Rooms
All activities will take place in one of three rooms:
- (Rm. 1/2) 3A001 & 3A002 learning studios (two rooms joined into one large room)
- (Rm. 1) 3A001 learning studio
- (Rm. 2) 3A002 learning studio
- (Rm. 3) 3A003A/B used for workshops only (please be quiet when crossing skywalk, due to event in atrium, thanks!)
Alternative to workshops: if you're not attending workshops, you're welcome to use the hack room in 3A001
Schedule
- 8:00 - 9:00: (Rm. 1/2) Registration + coffee/tea/pastries + cRaggy submissions open
- 8:45 Childcare Opens
- 9:00 - 9:10: (Rm. 1/2) Introduction (slides) (cRaggy slides)

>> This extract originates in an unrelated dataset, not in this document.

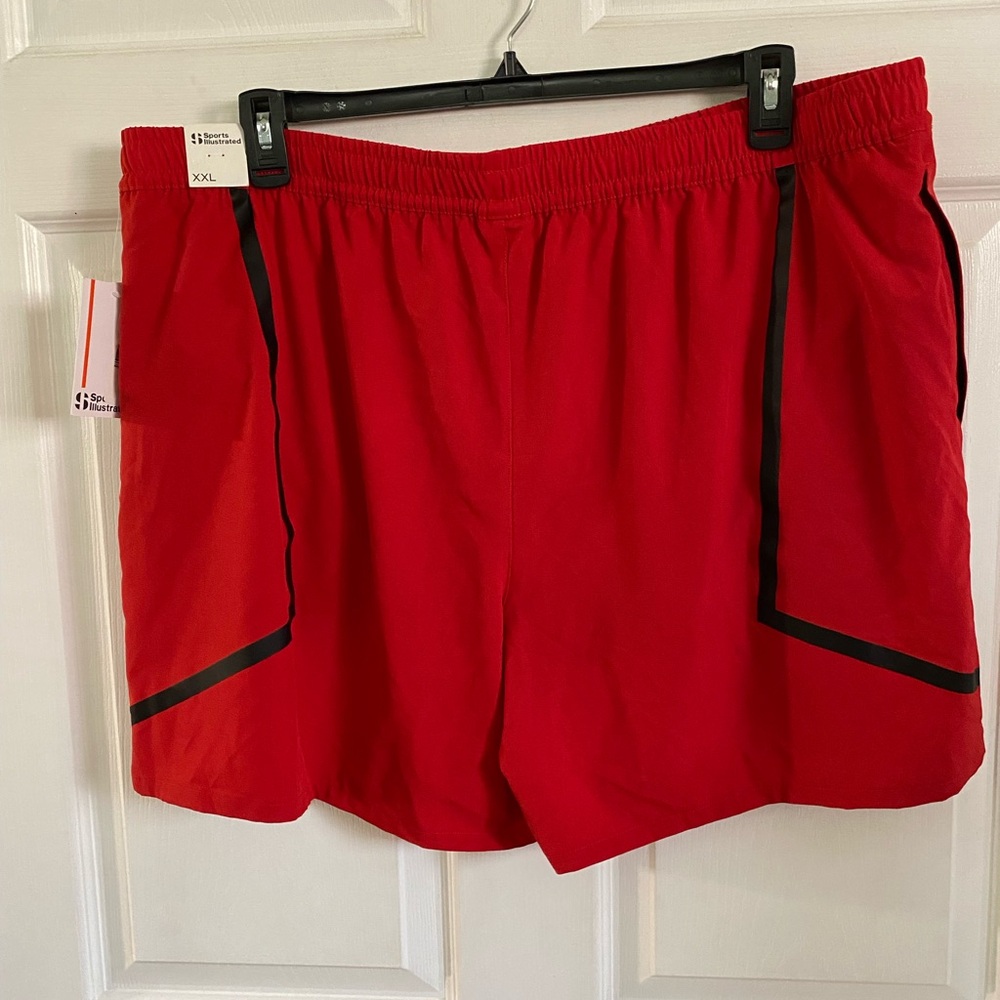 Men's Red Athletic Swim Trunks Sports Illustrated Brand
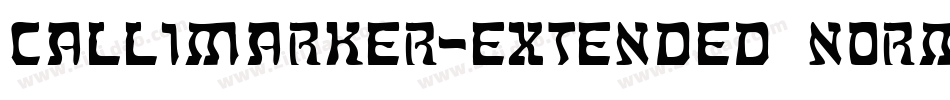 Callimarker-Extended Normal字体转换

- 9:10 - 9:45: (Rm. 1/2) Keynote: Alison Hill
- 9:45 cRaggy submissions due
- 9:45 - 10:30: (Rm. 1/2) Coffee break + Panel Discussion
- 10:30 - 12:00: (Rm. 2/3) Workshops
- (Rm. 2) A gRadual intRoduction to Data Wrangling
- (Rm. 3) Intermediate Machine Learning = Introduction to Deep Learning using TensorFlow with R
- 12:00 - 1:15: (Rm. 1) Lunch (catered) + cRaggy Browsing/Voting
- 1:15 - 1:50: (Rm. 1/2) Keynote: Kara Woo
- 1:50 - 2:15: (Rm. 1) Break/Socializing
- 2:15 cRaggy votes due
- 2:15 - 3:45: (Rm. 2/3) Workshops
- (Rm. 2) A gRadual intRoduction to Data Visualization
- (Rm. 3) Using R with Databases
- 3:45 - 4:00: (Rm. 1/2) Break (snacks/beverages)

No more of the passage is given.